Ну что за глупости, какие-то третичные, десятистепенные вещи? Во-первых, не раскритиковал. Во-первых, не за это, то есть это было не главным. А в-третьих, видите ли, мнение Григория Дашевского, Царствие ему небесное, никогда не было для меня истиной в последней инстанции. Он, в общем, меня недолюбливал и в грош меня не ставил, честно говоря. Тот факт, что он умер, не меняет моего мнения о его стихах и статьях. Я преклоняюсь перед его героизмом, перед его мужеством противостояния болезни, но мы принадлежим к разным литературным лагерям, у нас разные вкусы и разные мнения. И мне кажется, что неуважением к памяти Григория Дашевского было бы задним числом сглаживать эти разногласия. Для кого-то святым будет Григорий Дашевский. Я не принимаю абсолютно ни его поэзию, ни его критику.
«Известно, что Лосева много ругали за резкое стихотворение про Фуко. Чем вы объясняете столь сильную нелюбовь к французскому философу?»

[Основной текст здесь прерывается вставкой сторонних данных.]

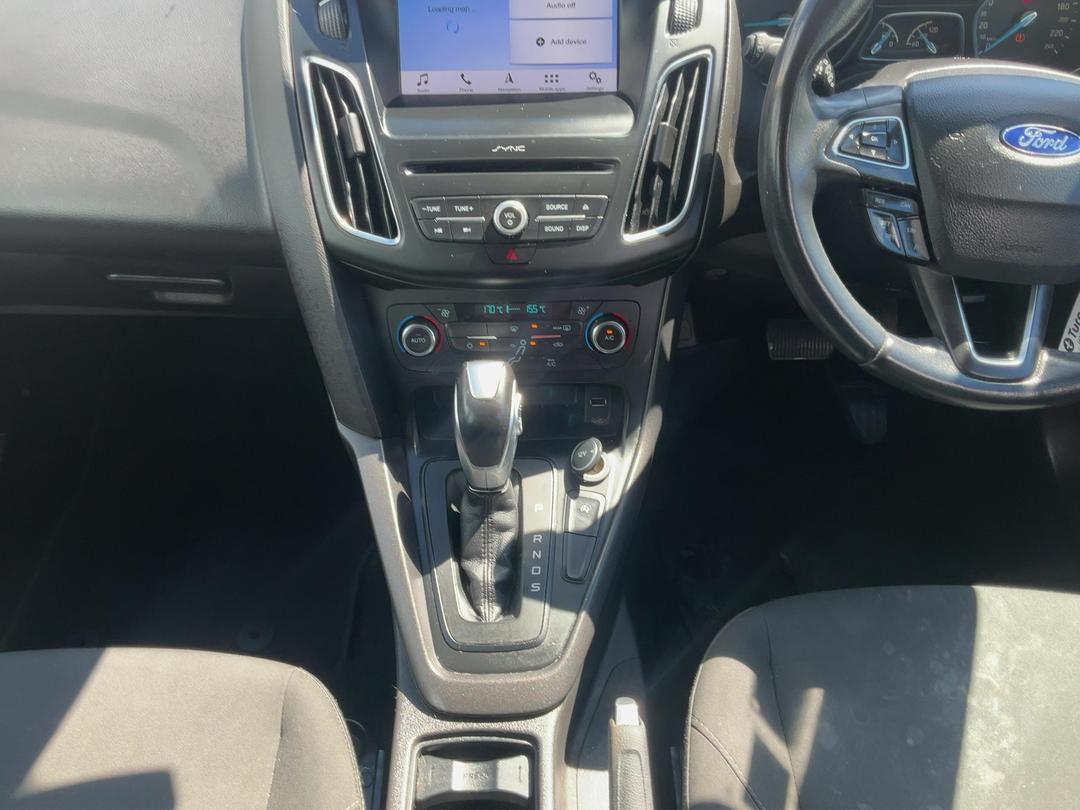 Photo '18' of Ford Focus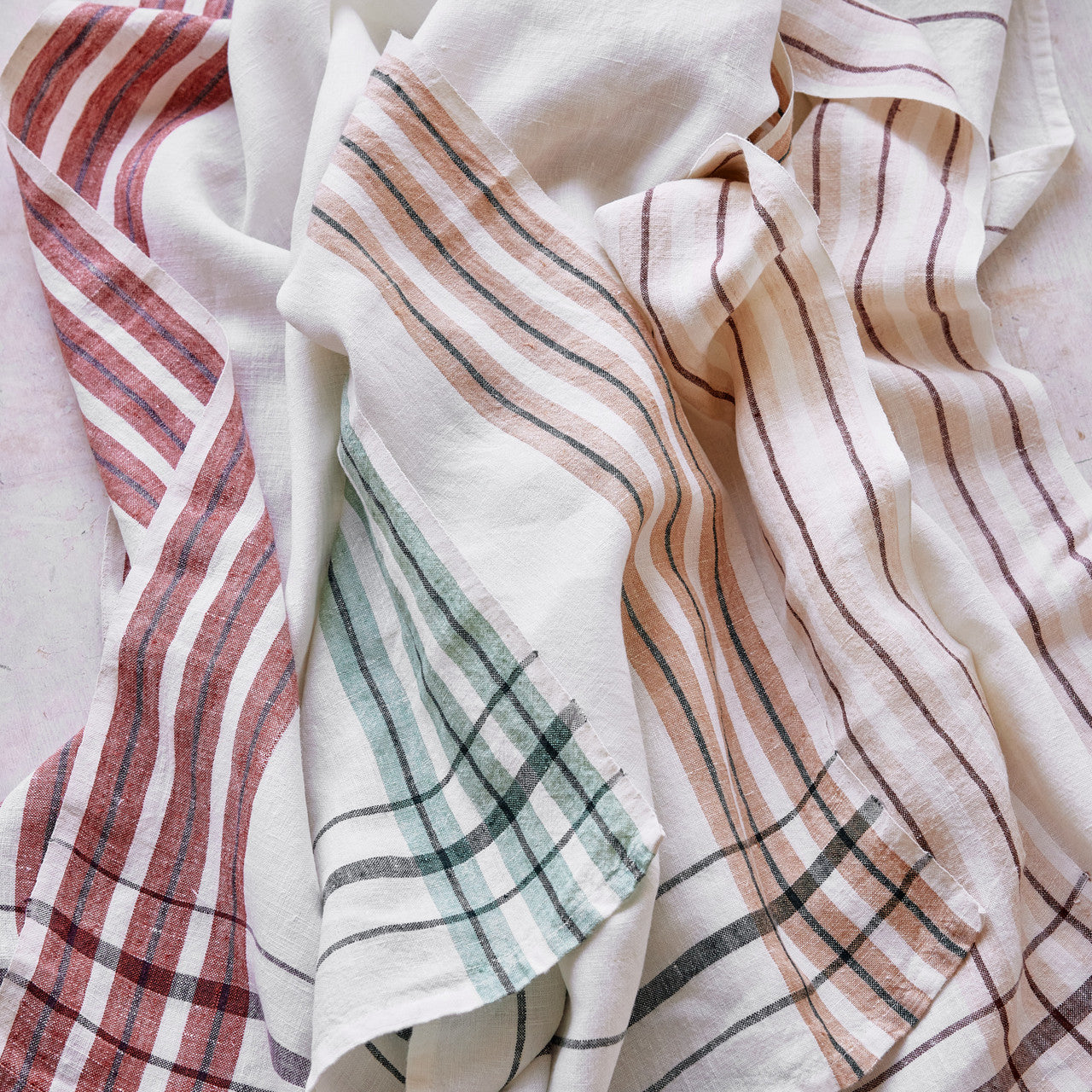 Essential Linens Brogue, Dune, Set/2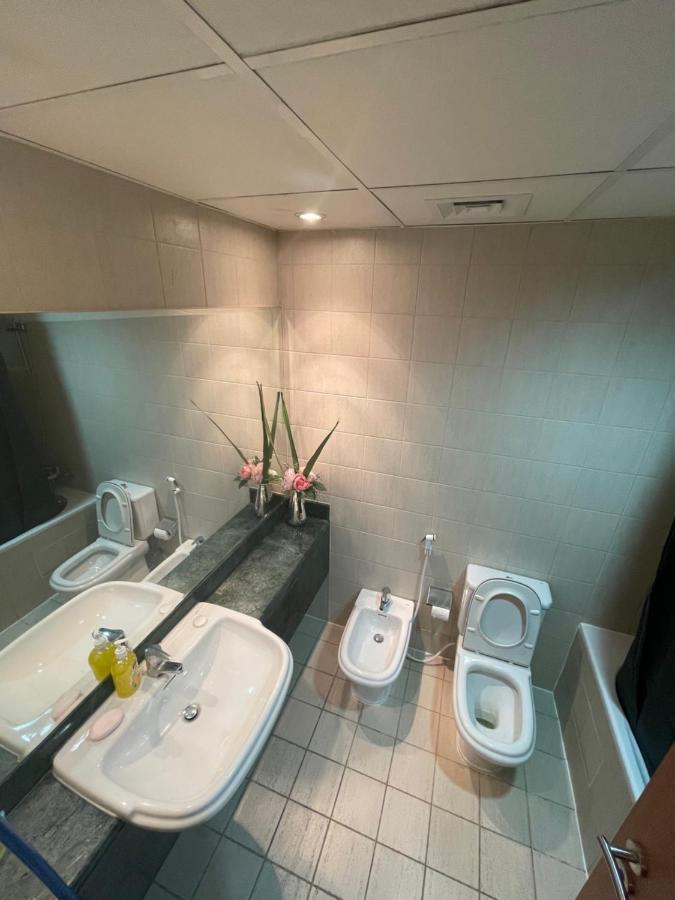 Hostel Travelers Backpackers Dubai Exterior foto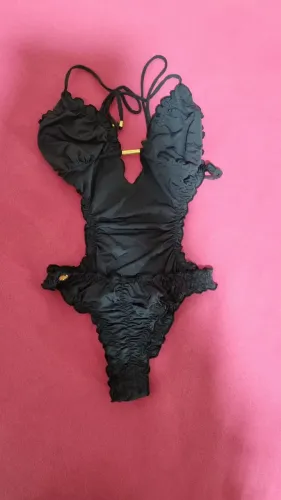 Maiô Preto com decote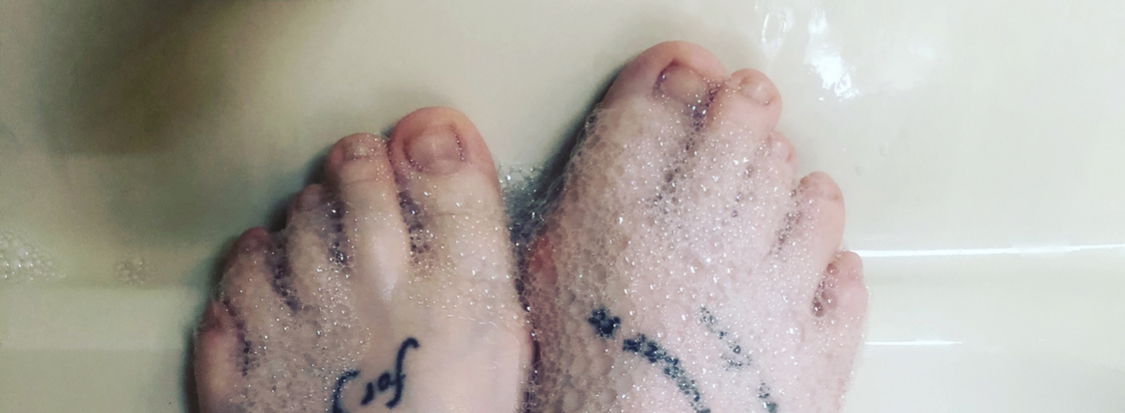 Banner of curvyfeetfix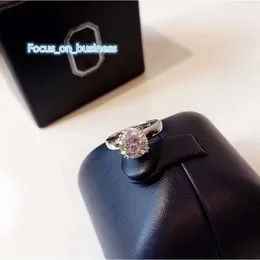 Luksusowe projektantów klastrów klastra top srebrny srebrny osiem pazurów lśniący cyrkon kryształowy urok zaręczynowy pierścionek zaręczynowy dla kobiet biżuteria Prezent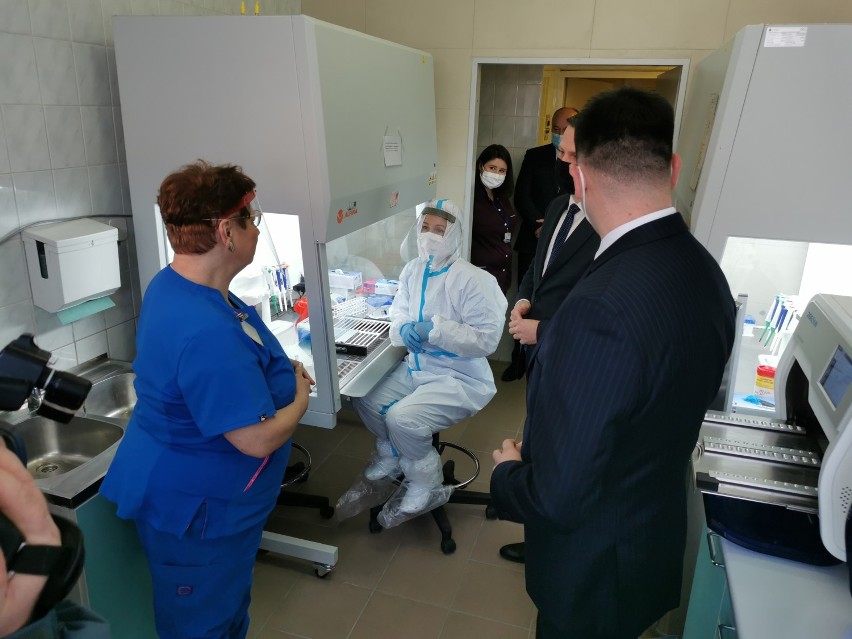 Pierwsi pracownicy Szpitala Powiatowego w Chrzanowie zaszczepieni przeciw Covid-19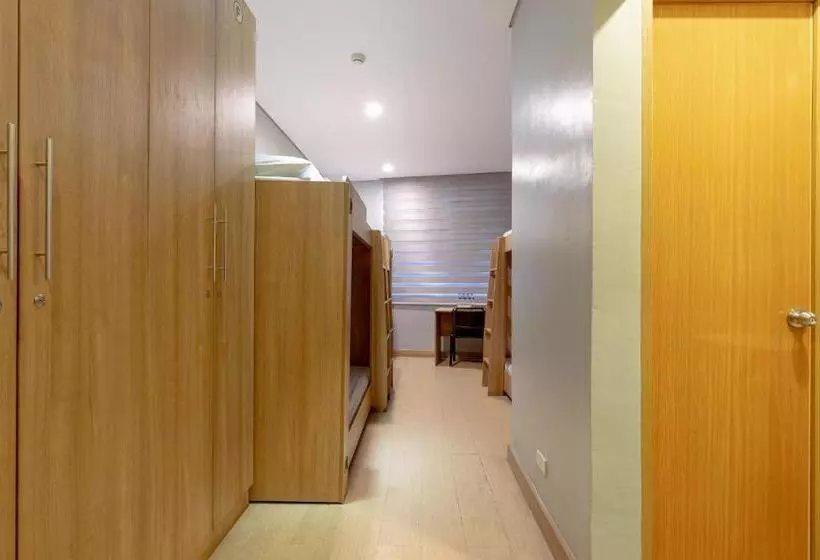 ホテル Zen Rooms Madison 101 Qc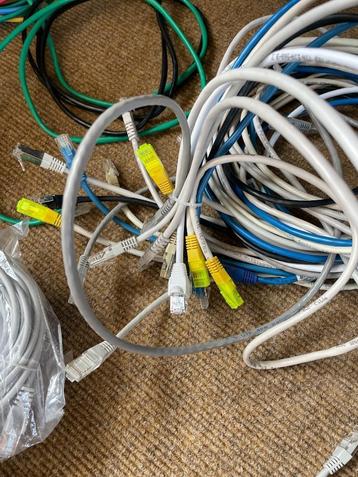 48x diverse CAT5e netwerkkabels 1,00 meter t/m 15 meter beschikbaar voor biedingen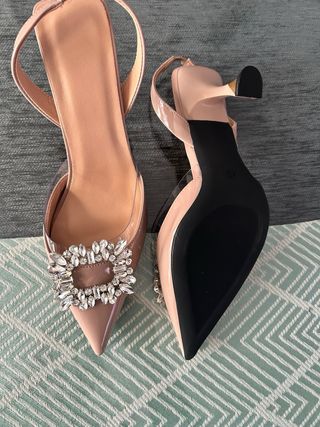 Tacones Nude Punta Fina Hebilla Joya. Numero 40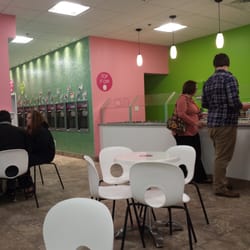 sweetFrog Premium Frozen Yogurt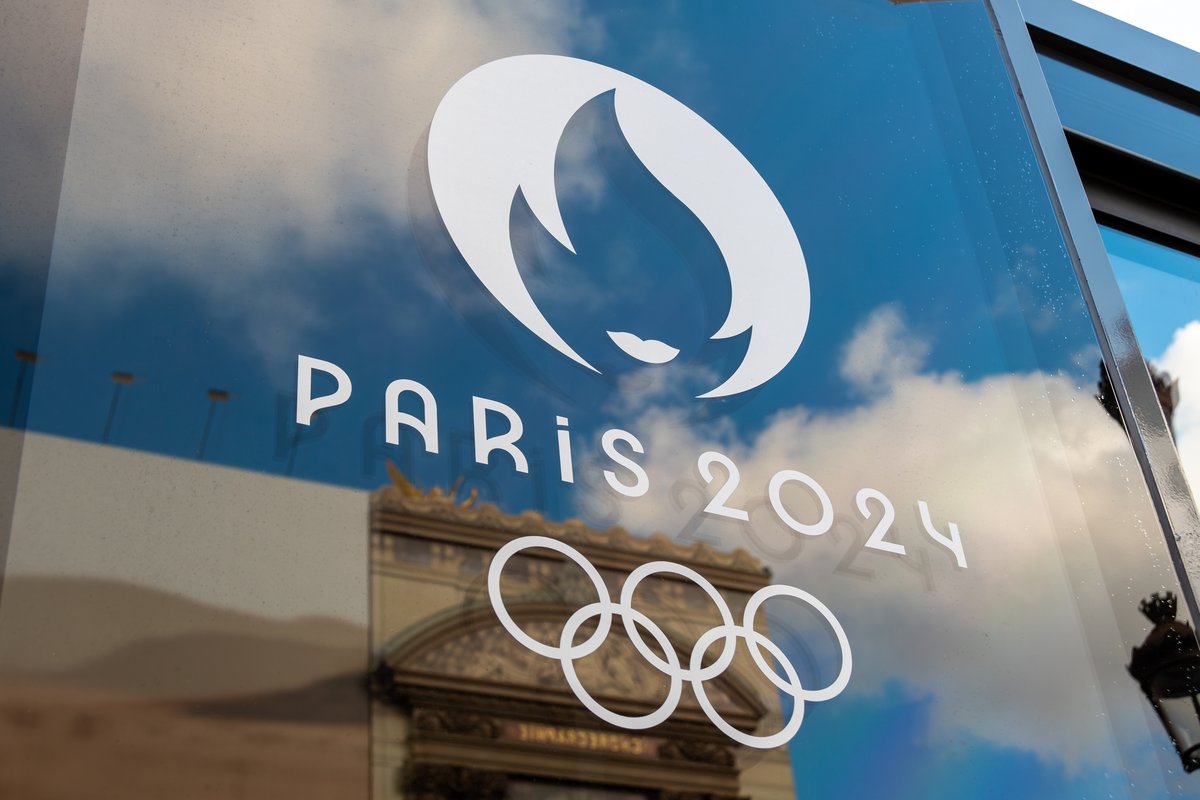 Gros plan sur le logo Paris 2024, symbole des Jeux Olympiques d'été © HJBC / Shutterstock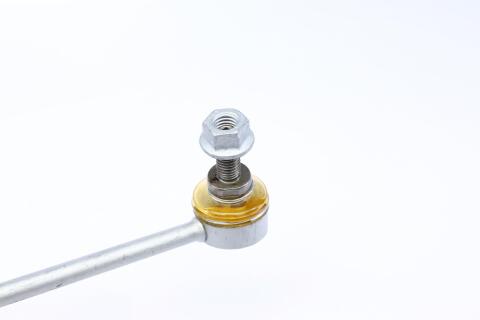 Тяга стабілізатора (переднього) (R) BMW X3 (E83) 2.0-3..0/2.0-3.0d 03-11 Тяга стабілізатора (переднього) (R) BMW X3 (E83) 2.0-3..0/2.0-3.0d 03-11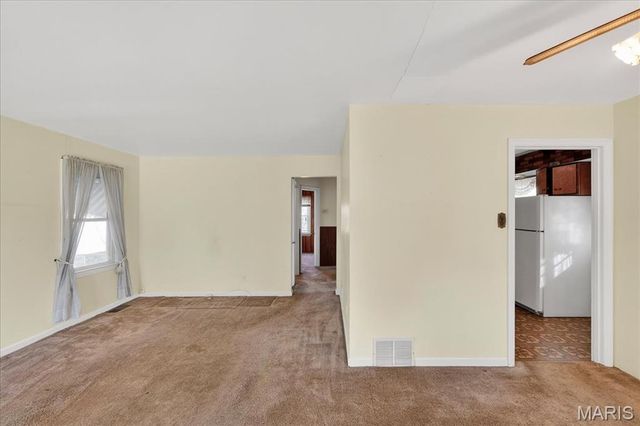 1 Wescott Drive, Florissant, MO 63031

Слишком долгим перегибанием палки в другую сторону. Был культ Фуко, был культ Деррида. В своё время Лосев (я помню это от него) потратил значительную часть своего первого профессорского заработка на покупку сочинений Деррида, в частности «О грамматологии». После трёх страниц он убедился в том, что это абсолютное словоблудие, пустота и безмыслие. Он ещё и этого не мог ему простить, ещё своих тогда первых профессорских денег (невеликих, кстати). Что касается стихотворения про Фуко. Я считаю Фуко крупным мыслителем, и стихотворение Лосева мне ужасно нравится. Оно, во-первых, прекрасно написано, а во-вторых, мне всегда нравится, когда человек с облегчением и радостью перестаёт притворяться и высказывает мнение, идущее вразрез с общим, мнение абсолютно вопреки всему. Прекрасные стихи, хотя и резкие. А я вообще люблю резкие стихи.
«Цветков недавно признался в одном интервью, что ненавидит слово «текст» применительно к стихам, — ну, пожалуйста, признался. А я спокойно к этому отношусь. Я вообще мало что ненавижу. — Он также сказал, что мало ценит французскую философию, откуда это слово пришло».
Знаете, это такой же хороший тон: мало ценить структурализм, мало ценить французскую философию. Да, наверное, есть некоторые основания для этого. Но сначала, мне кажется, надо по-настоящему изучить предмет, как изучил его в своё время Лосев для того, чтобы иметь право на такое мнение о Фуко. Я допускаю, что Алексей Цветков очень глубоко изучил предмет, но вас я предостерегаю от такого отношения к нему. Деррида — это отдельная, сложная фигура. Но у Бодрийяра, например (великий украинский философ Бодрый Яр), есть мысли очень точные и прелестные. У Фуко, конечно, есть. Делёз и Гваттари вообще уловили главную тенденцию момента, предложив термин «ризома», и это великий термин. Так что, в общем, не так всё просто.
«В 1998 году вы написали стихотворение «Какой-нибудь великий грешник», — да, написал, не отказываюсь. — Для вас Бог был и остаётся великим архитектором, или восприятие изменилось?»
Это написано не как обращение к Богу. Это написано как обращение к таким интерпретаторам Бога, для которых на первом месте стоит величие, масштаб, жёсткость, императив, а на последнем месте — сомнение, трепет, вопрошание. Вот таких тоталитарных богословов я не люблю. И представление о Боге как о главпахане, как у некоторых из наших церковников, или о Боге как о военачальнике — оно мне чуждо. Вот об этом стихотворение. Потому что Бог для меня — это всё-таки отец, собеседник, создатель, скорее композитор, нежели архитектор. Вот, если угодно, так.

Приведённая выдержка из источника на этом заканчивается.